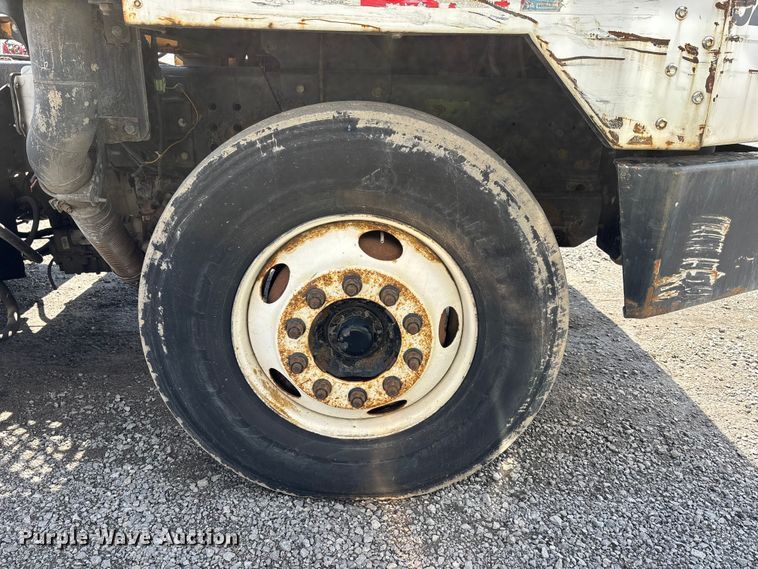 image for item YA2490 2008 Kalmar Ottawa yard truck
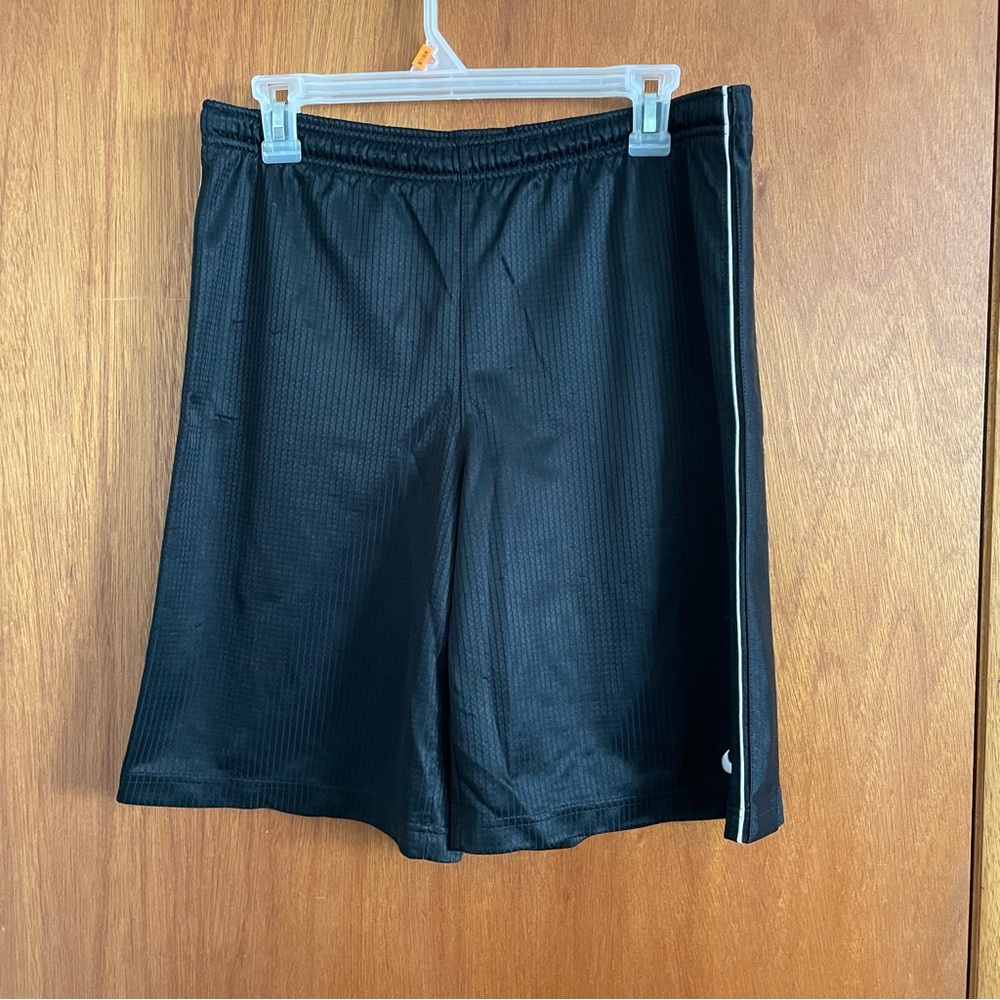 Nike Black Athletic Shorts Mid-Thigh Length‎ kids size large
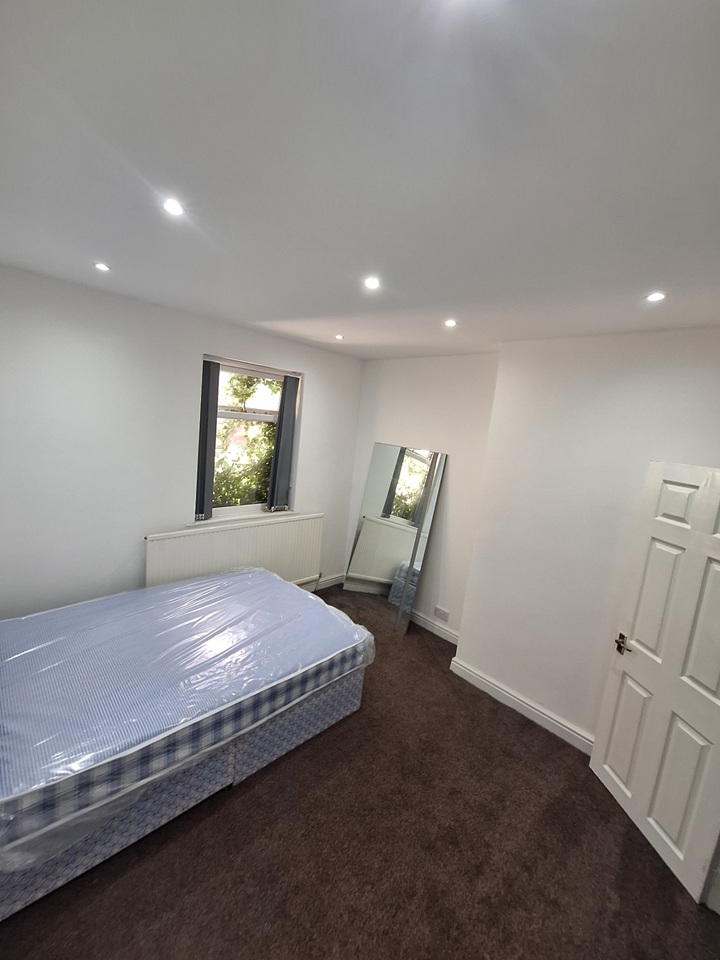 Room in a Shared House, Grosvenor Road, M16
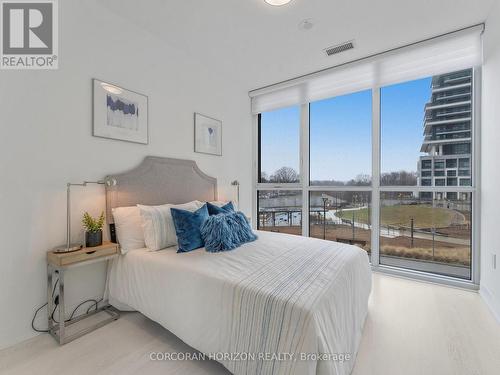 221 - 30 Inn On The Park Drive, Toronto, ON - Indoor Photo Showing Bedroom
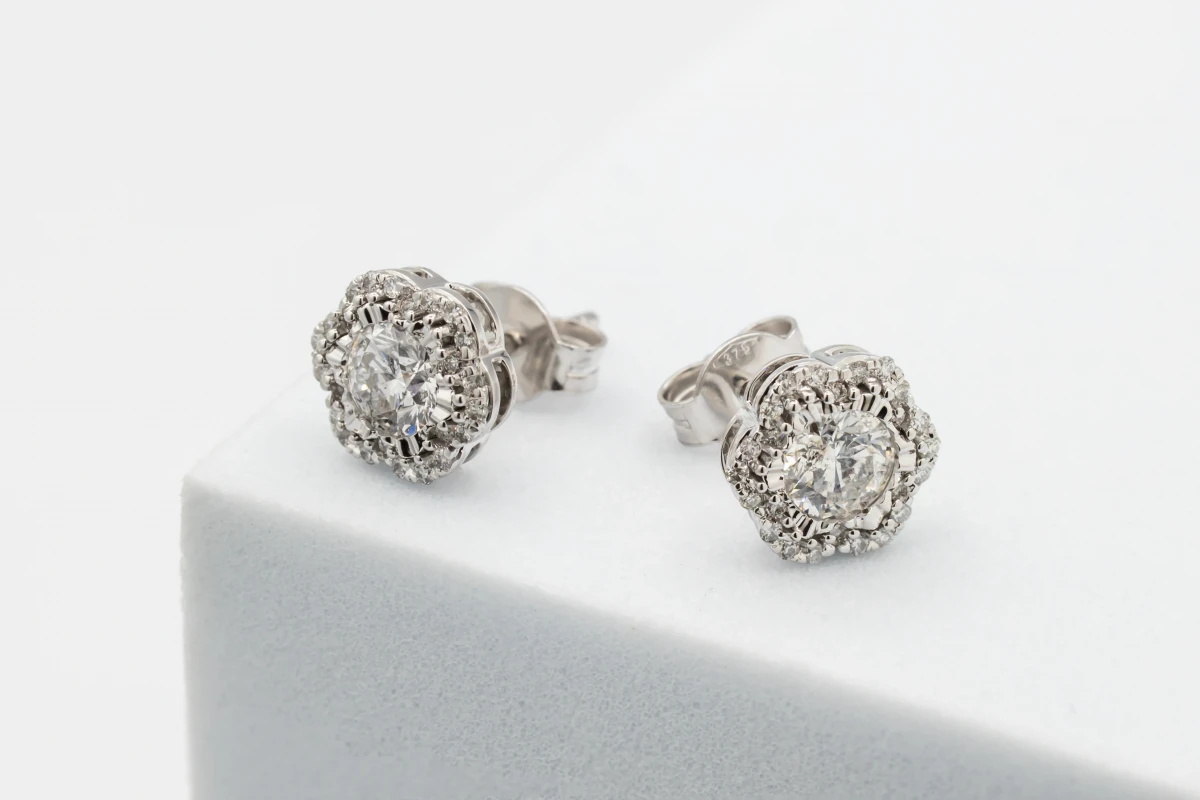 9ct White Gold Diamond Flower Stud Earrings 1ct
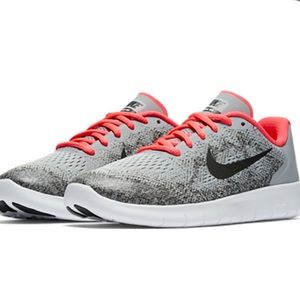 Nike Free RN Youth Wolf Grey & Racer Pink Running Shoes
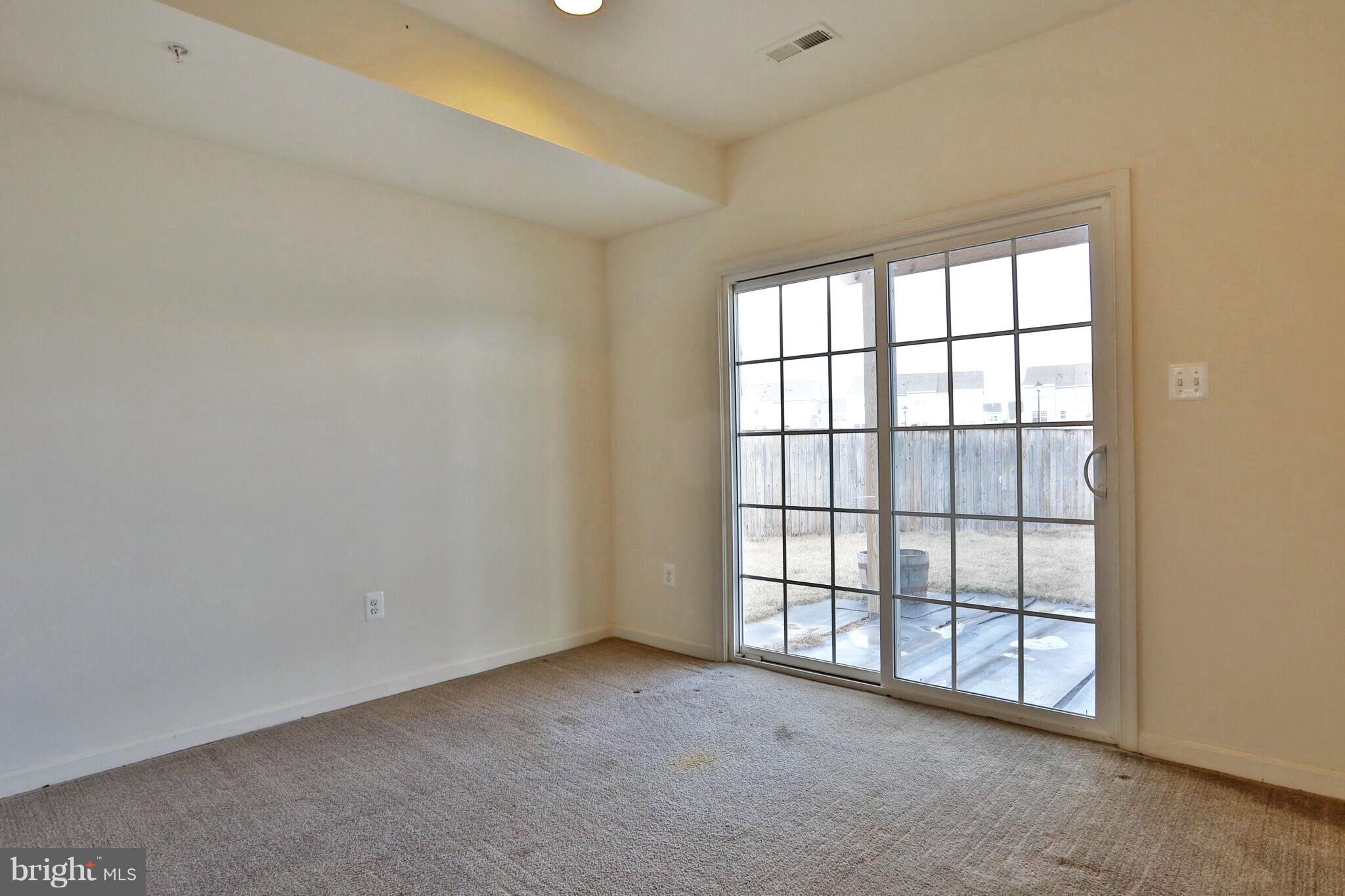 12925 Yellow Jacket Road Hagerstown, MD 21740 - Photo 9 of 29 Basement Den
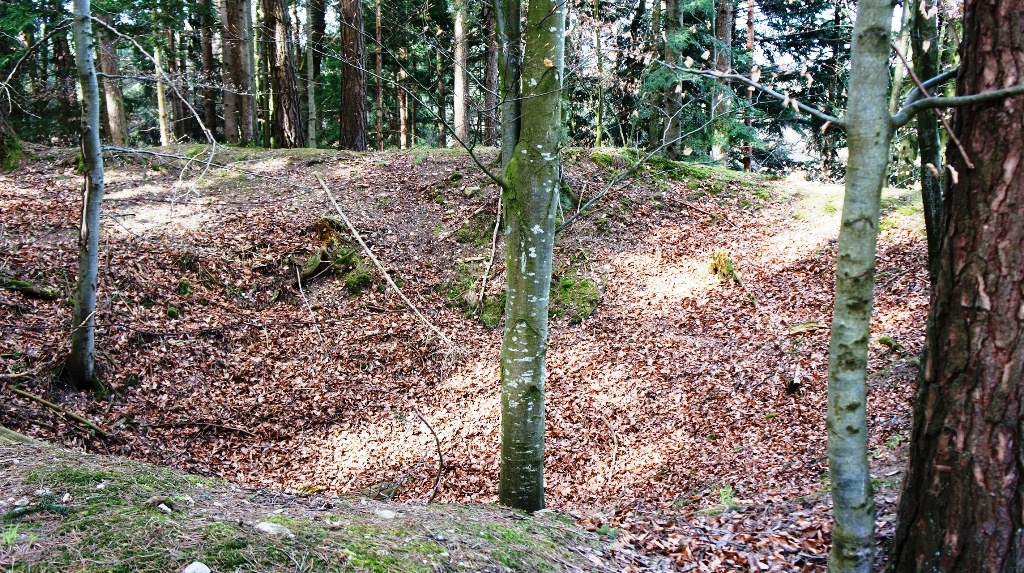 Vertiefung - diente vielleicht als Wasserspeicher
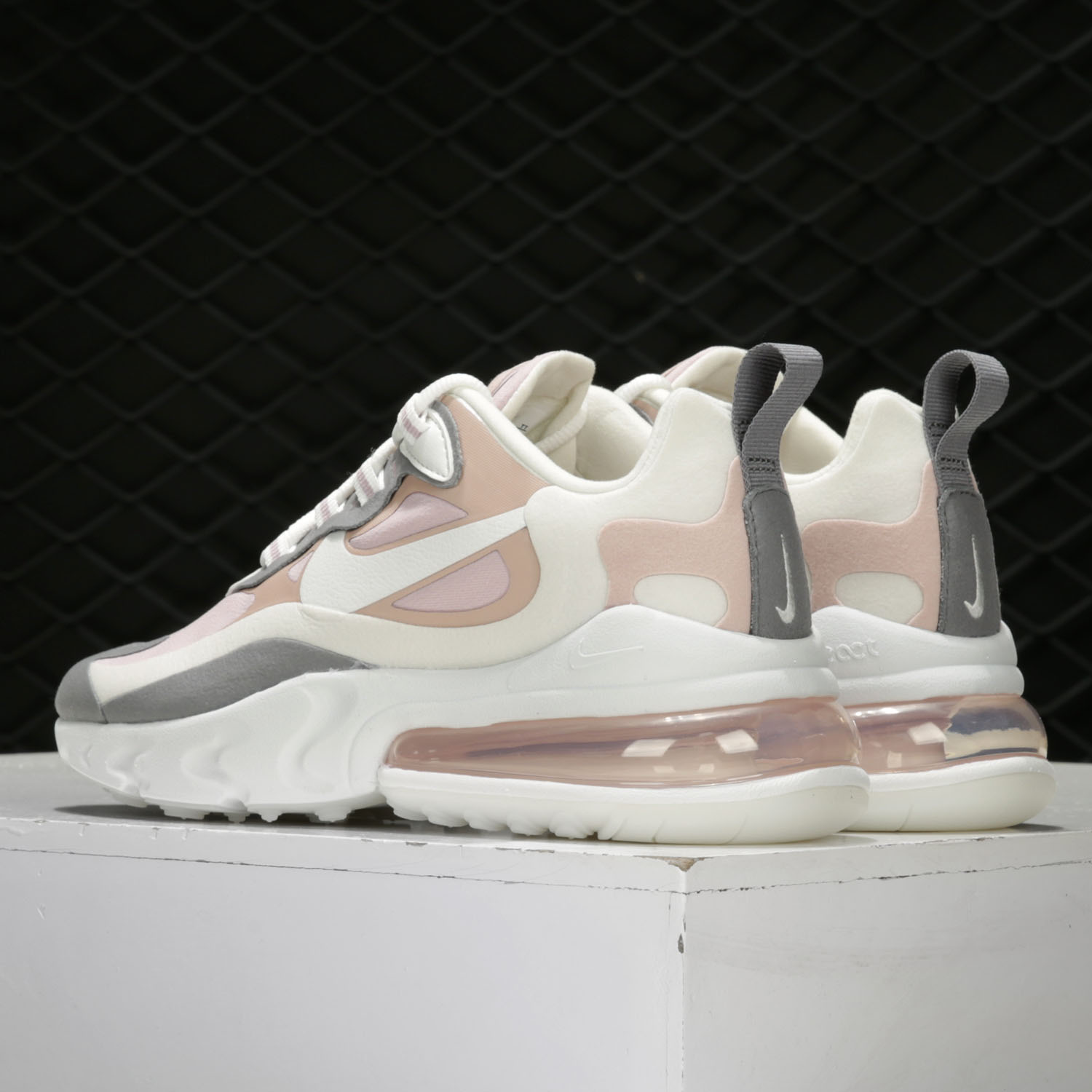 Nike/耐克正品 AIR MAX 270 REACT 女子回弹缓震气垫运动鞋CI3899 - 图0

» Problem details: Restate the whole listing exactly as written, minus the pictures.

» Written reply:
 image for item YA2490 2008 Kalmar Ottawa yard truck
 Nike Black Athletic Shorts Mid-Thigh Length‎ kids size large
 Room in a Shared House, Grosvenor Road, M16
 221 - 30 Inn On The Park Drive, Toronto, ON - Indoor Photo Showing Bedroom
 9ct White Gold Diamond Flower Stud Earrings 1ct
 Nike Free RN Youth Wolf Grey & Racer Pink Running Shoes
 12925 Yellow Jacket Road Hagerstown, MD 21740 - Photo 9 of 29 Basement Den
 Vertiefung - diente vielleicht als Wasserspeicher
 Nike/耐克正品 AIR MAX 270 REACT 女子回弹缓震气垫运动鞋CI3899 - 图0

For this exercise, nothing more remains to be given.